◆ **TASK DESCRIPTION**:
Restate, word for word, each entry that follows, but skip its pictures.

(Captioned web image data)
◆ ◆ ◆ ◆ ◆
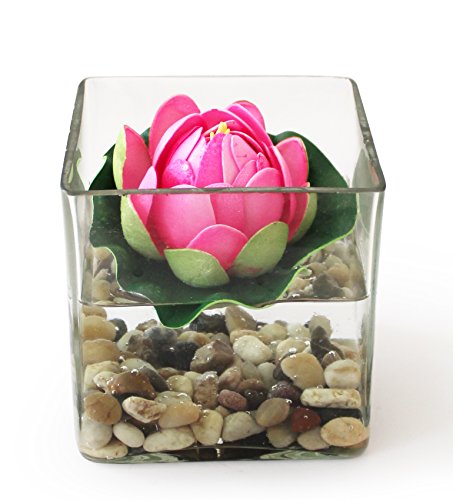 India Desire : Buy Tied Ribbons Glass vases with Faux Lotus and Natural Stones Flower Pot with Artificial Flowers at Rs. 99 from Amazon [ Regular Price 549 ]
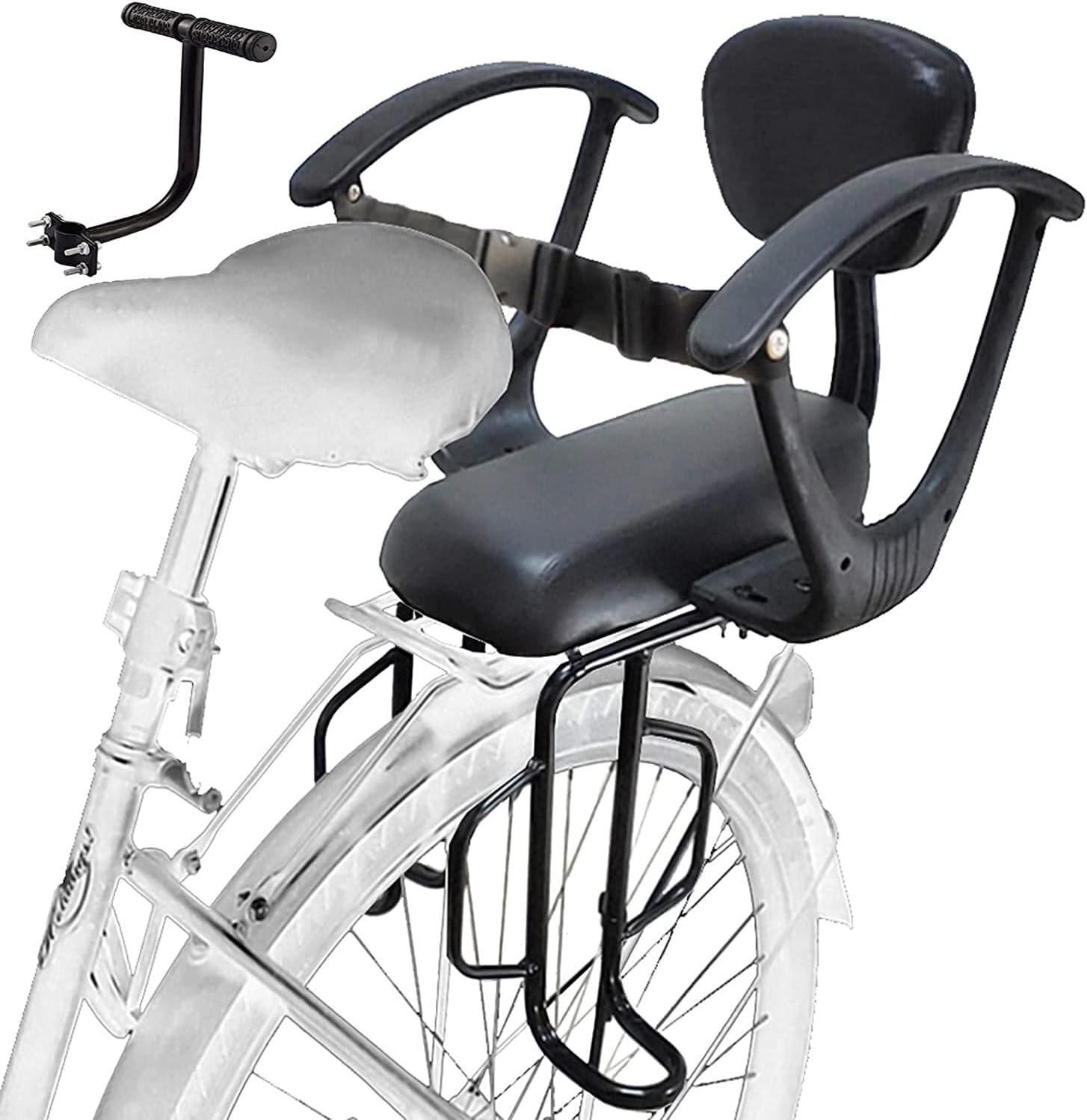 IMYOGI Baby Safety Seats for Bicycle, Rear Child Bike Seat Carrier Rack Mount with Pedals Seat Belt, Waterproof and Wear-Resistant, for 2-10 Years Kids Toddler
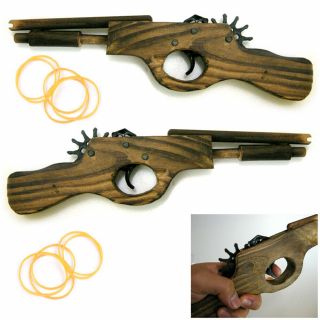 2 Wooden Pistol 12 " Toy Gun Rubber Band Shooter Kids Cowboy Classic Antique Gift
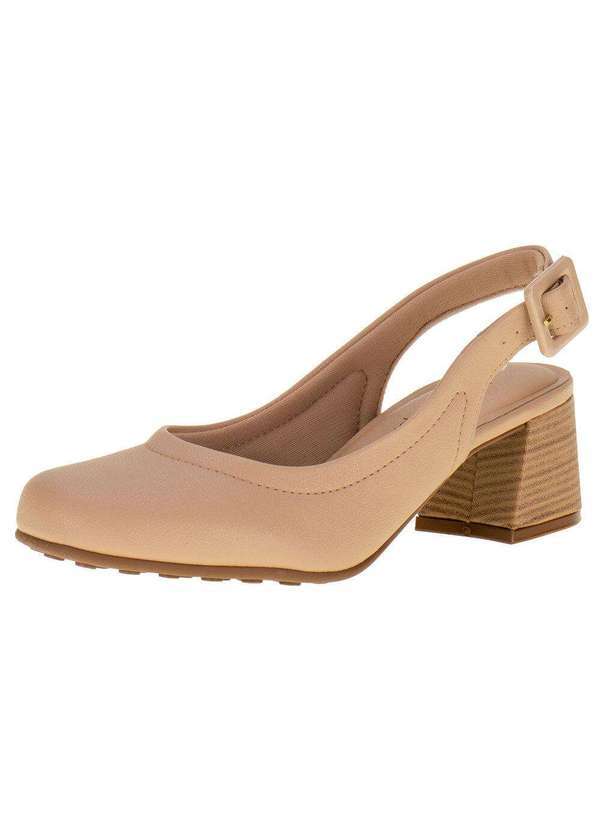Modare - Sapato Feminino Salto Grosso Modare - 7373102 - Bege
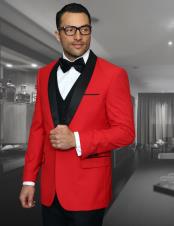  Mens Red And Black Dinner Jacket for Prom and Wedding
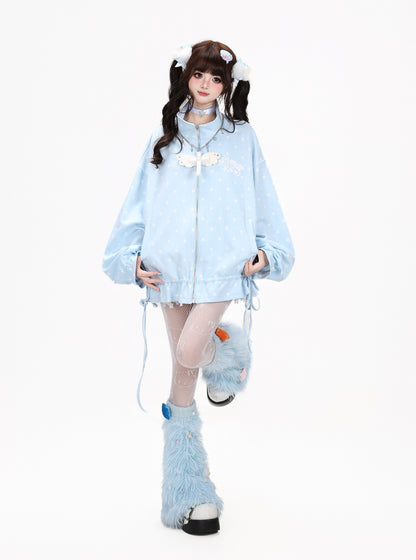 スター総柄ハイネックドロストジップフーディー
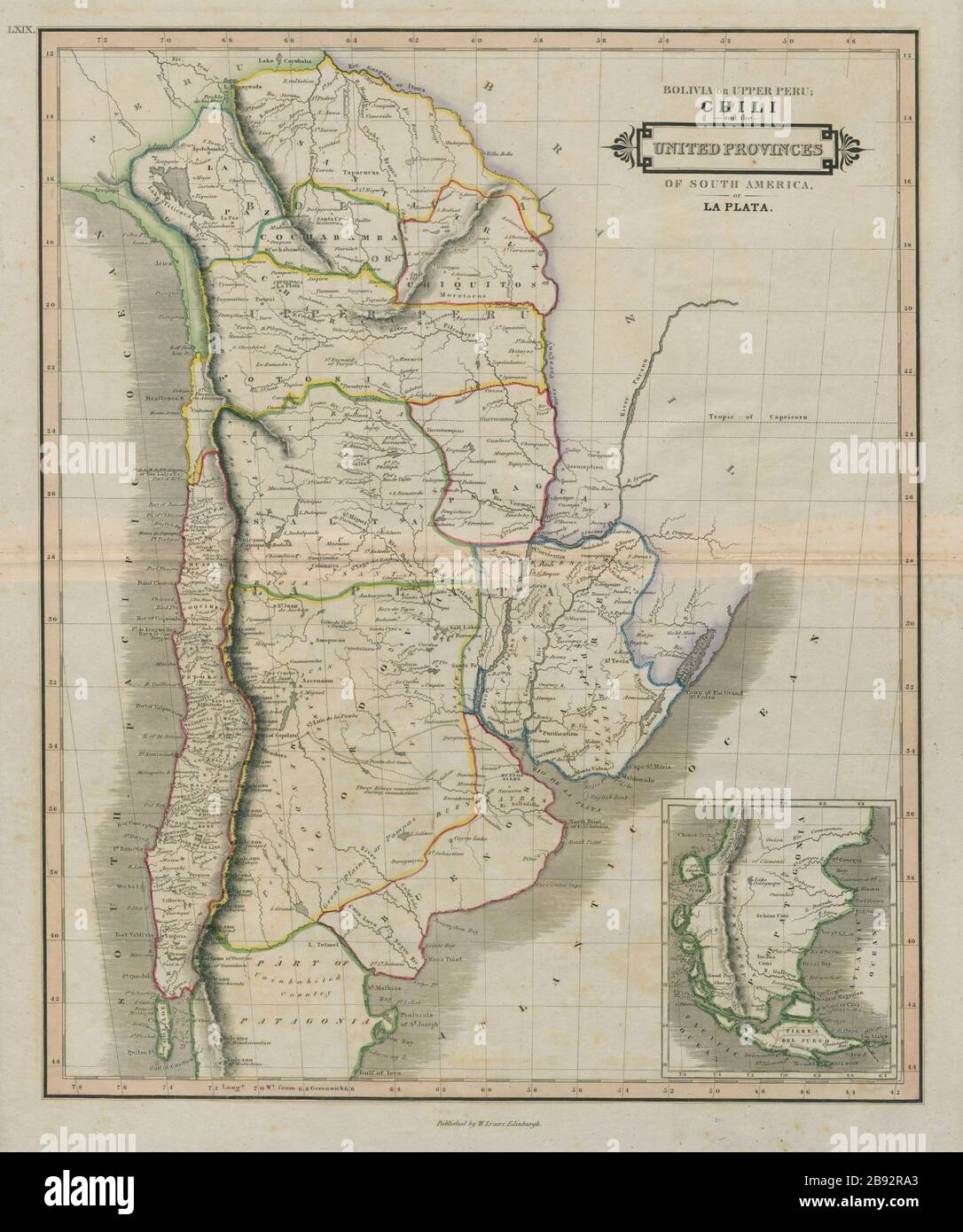 Bolivia o Perù superiore. Chili. Province unite di la Plata. LIZARS 1842 mappa Foto Stock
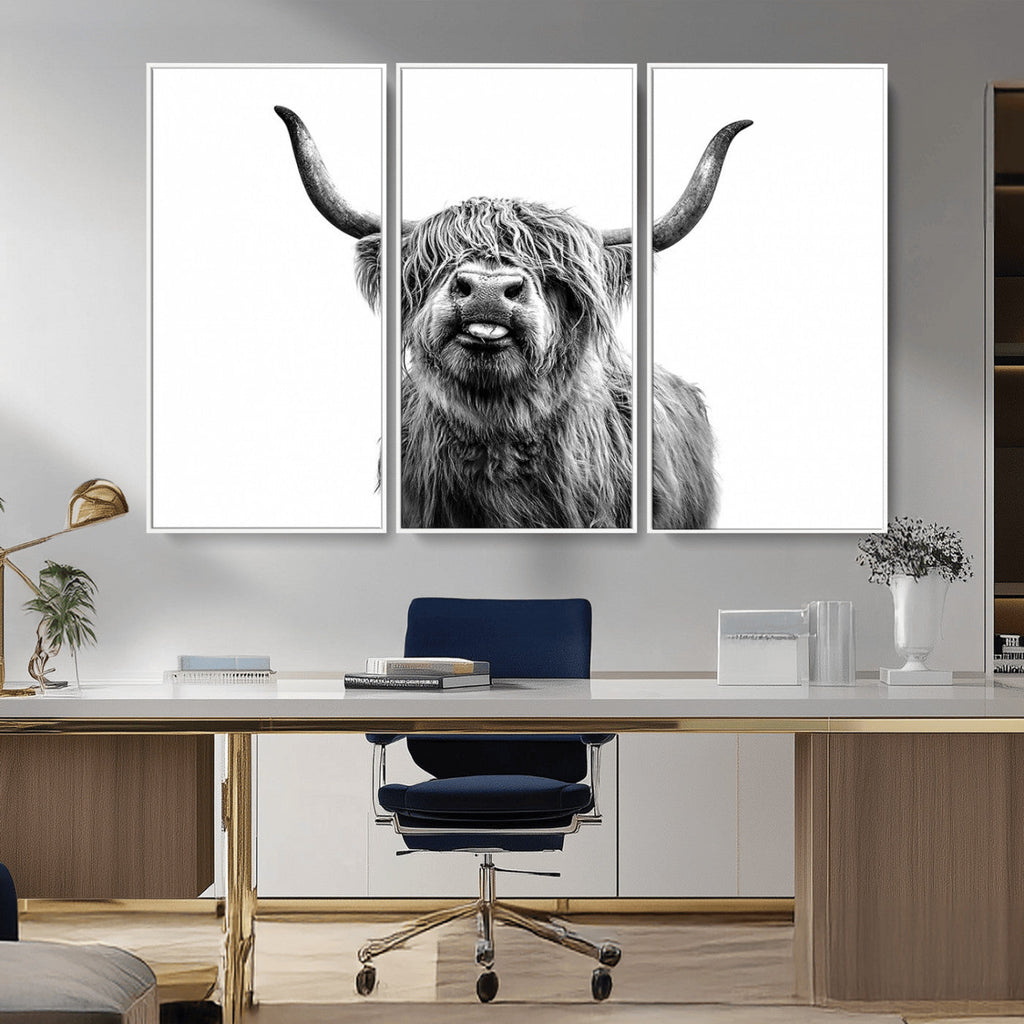 Fanny Scottish Highland Cow Cattle Art Print Farmhouse Wall Art Canvas Print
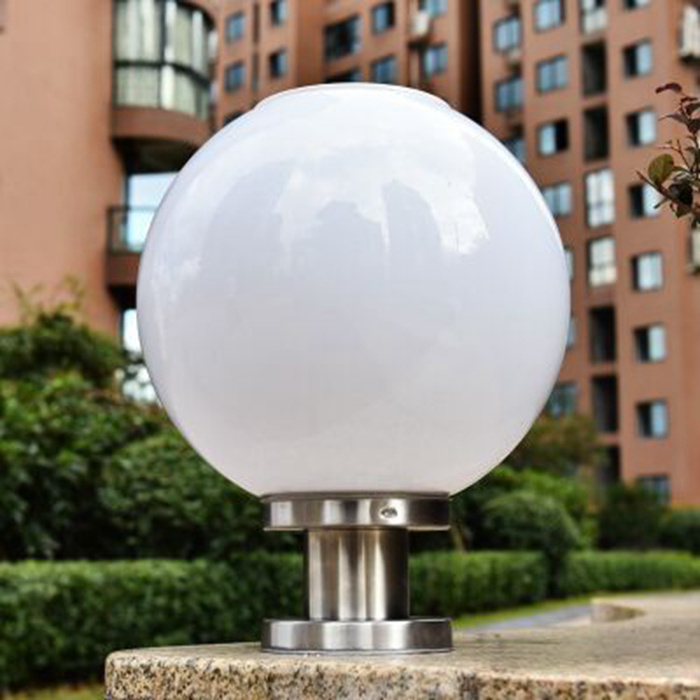 Hot sell 200mm plastic outdoor light globe gate light outdoor solar pillar light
◆ ◆ ◆ ◆ ◆
◆ **REPLY TO THE TASK**:
 India Desire : Buy Tied Ribbons Glass vases with Faux Lotus and Natural Stones Flower Pot with Artificial Flowers at Rs. 99 from Amazon [ Regular Price 549 ]
 IMYOGI Baby Safety Seats for Bicycle, Rear Child Bike Seat Carrier Rack Mount with Pedals Seat Belt, Waterproof and Wear-Resistant, for 2-10 Years Kids Toddler
 2 Wooden Pistol 12 " Toy Gun Rubber Band Shooter Kids Cowboy Classic Antique Gift
Modare - Sapato Feminino Salto Grosso Modare - 7373102 - Bege
  Mens Red And Black Dinner Jacket for Prom and Wedding
 スター総柄ハイネックドロストジップフーディー
 Bolivia o Perù superiore. Chili. Province unite di la Plata. LIZARS 1842 mappa Foto Stock
 Fanny Scottish Highland Cow Cattle Art Print Farmhouse Wall Art Canvas Print
 Hot sell 200mm plastic outdoor light globe gate light outdoor solar pillar light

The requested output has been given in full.